Friday, August 10, 2012

EDITORIAL >> North Belt’s last chance

Metroplan executive director Jim McKenzie was hoping the completion of the North Belt Loop would turn out to be his legacy. It’s a longshot that it will ever get built as costs have risen astronomically. But a toll road being considered in place of the freeway might be the way to complete the much-delayed highway.

The projected cost is now at $650 million and still rising, well above the $120 million estimate of a decade ago. Only five years ago we reported the second phase of the 12-mile freeway would cost $200 million, or about $18 million a mile compared with the latest estimate of $55 million a mile.

Talk about sticker shock. The first phase was about 11 miles long and cost less than $10 million a mile. It looks like a bargain now. But do bureaucrats ever finish a major highway on time?
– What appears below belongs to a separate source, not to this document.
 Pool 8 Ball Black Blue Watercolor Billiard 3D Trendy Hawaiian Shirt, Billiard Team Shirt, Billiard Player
If they can waste several hundred million dollars on a project by delaying it a decade or longer, you know they will choose that option.
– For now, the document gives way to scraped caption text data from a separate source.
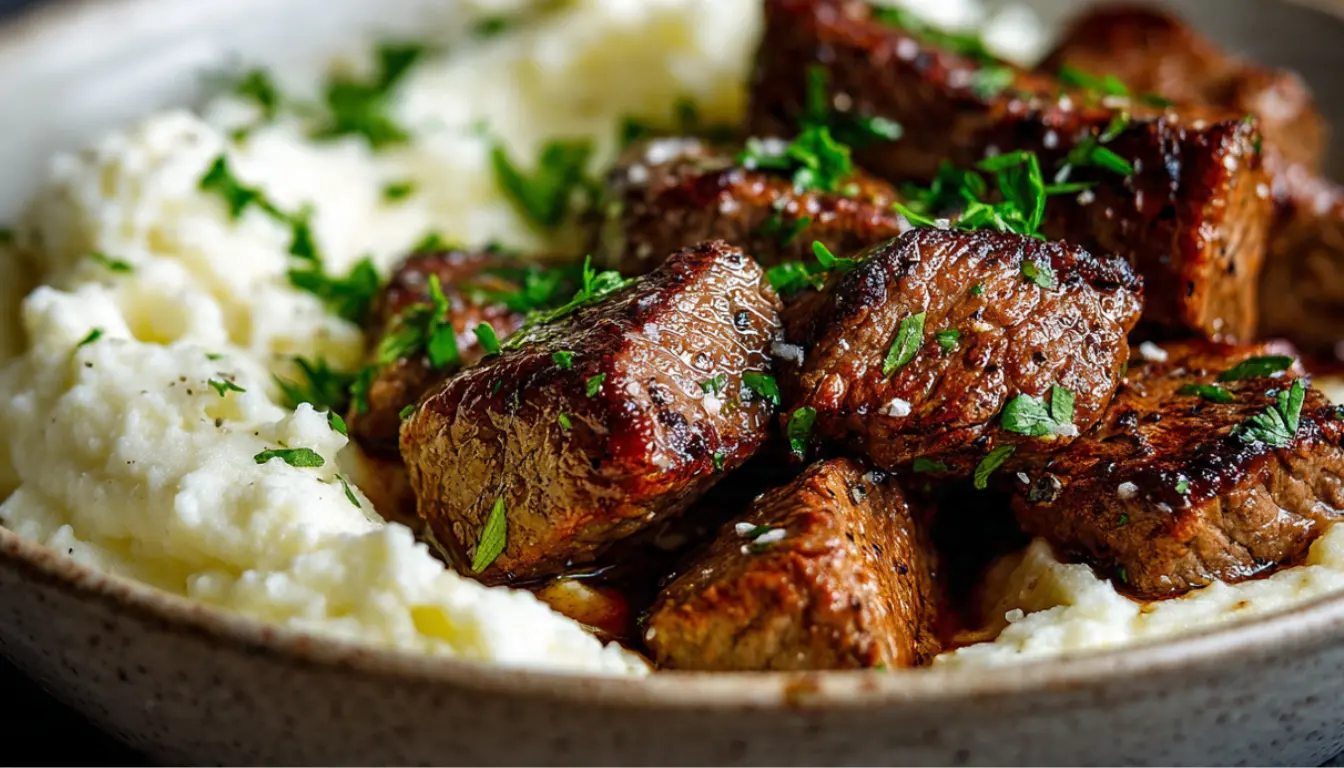 Garlic butter steak bites with creamy mashed potatoes on white plate with fresh parsley garnish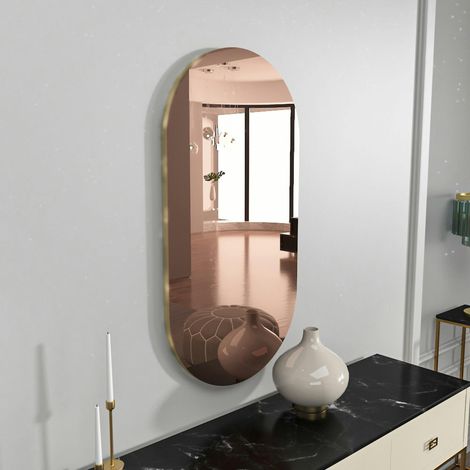 Miroir de salon ovale bronze bordure dorée 85 cm CODY (1/5)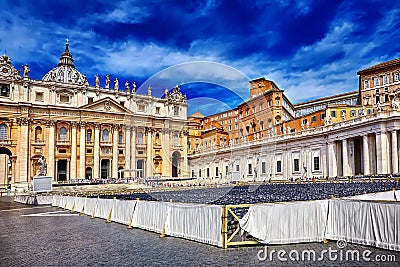 Amazing panorama Saint Peter Square and Saint Peter Basilica at Editorial Stock Photo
The next planned phase through Jacksonville’s bean fields and Sherwood has stalled for a decade because funding wasn’t secured for construction and right of ways to finish the project at Crystal Hill Road at I-40 in North Little Rock.
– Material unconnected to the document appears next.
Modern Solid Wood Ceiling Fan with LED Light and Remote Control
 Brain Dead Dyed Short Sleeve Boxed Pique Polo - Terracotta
McKenzie knows that Metroplan should have pushed for completion of the freeway a long time ago. Lack of unity on the Metroplan board, which includes several area mayors, and the state Highway Department’s failure to allocate funds during the prosperous Clinton years have apparently doomed the project — but not quite.

The state Highway Commission will spend $6 million to acquire right of ways, which won’t be easy as the Sherwood City Council recently approved plans for a subdivision in the path of the freeway. The commission has also approved $250,000 to study the feasibility of a toll road along with a bond issue to finish the North Belt. That’s not a good option, but it may be the only way to get it done.

McKenzie and the Metroplan board blew it when they didn’t make the second leg of the North Belt their top priority back in the 1990s, when the gasoline tax was raised and we were promised the road would be finished before the new millennium. Officials break promises all the time, but overcharging motorists at least $500 million for the North Belt is a new low — or a new high. There will be no reason to celebrate even if the highway is completed in the next decade.